▶ _RECORDED DATA_:
+ + + + +

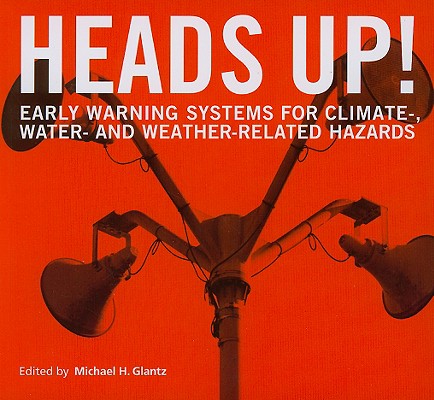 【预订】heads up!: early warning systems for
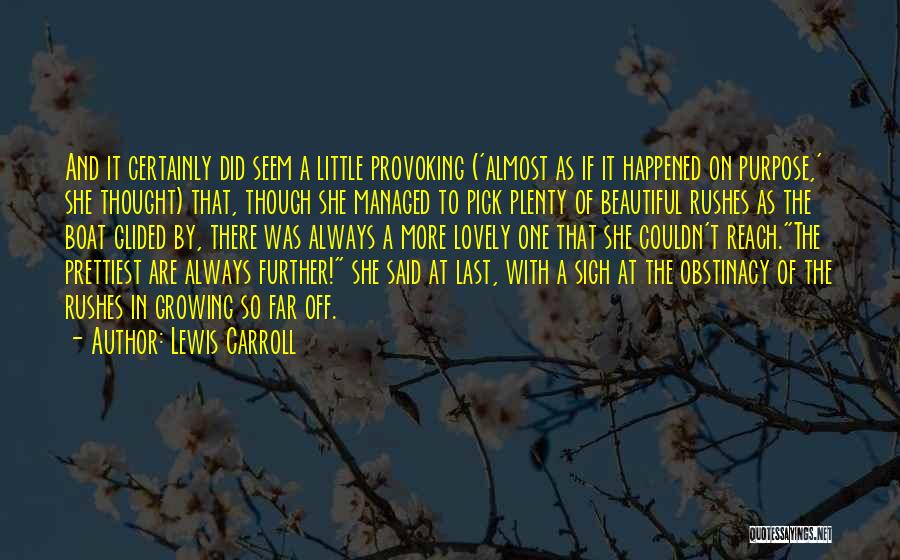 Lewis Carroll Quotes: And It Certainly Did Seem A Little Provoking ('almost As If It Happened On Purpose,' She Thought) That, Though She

+ + + + +

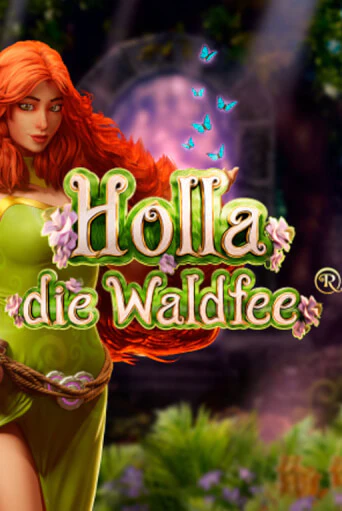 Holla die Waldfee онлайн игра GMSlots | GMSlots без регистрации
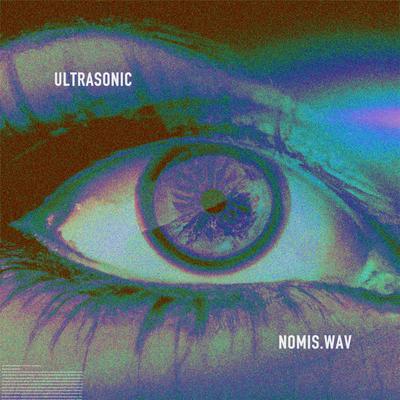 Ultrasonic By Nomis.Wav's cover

+ + + + +

▶ _EXERCISE OBJECTIVE_:
Given the listing above, retype only the span of lines from the line with "Holla die Waldfee" up to and including the line with "Ultrasonic By Nomis.Wav's cover", exactly as it stands and without pictures.

▶ _RESULT FOR THIS TASK_:
 Holla die Waldfee онлайн игра GMSlots | GMSlots без регистрации
 Ultrasonic By Nomis.Wav's cover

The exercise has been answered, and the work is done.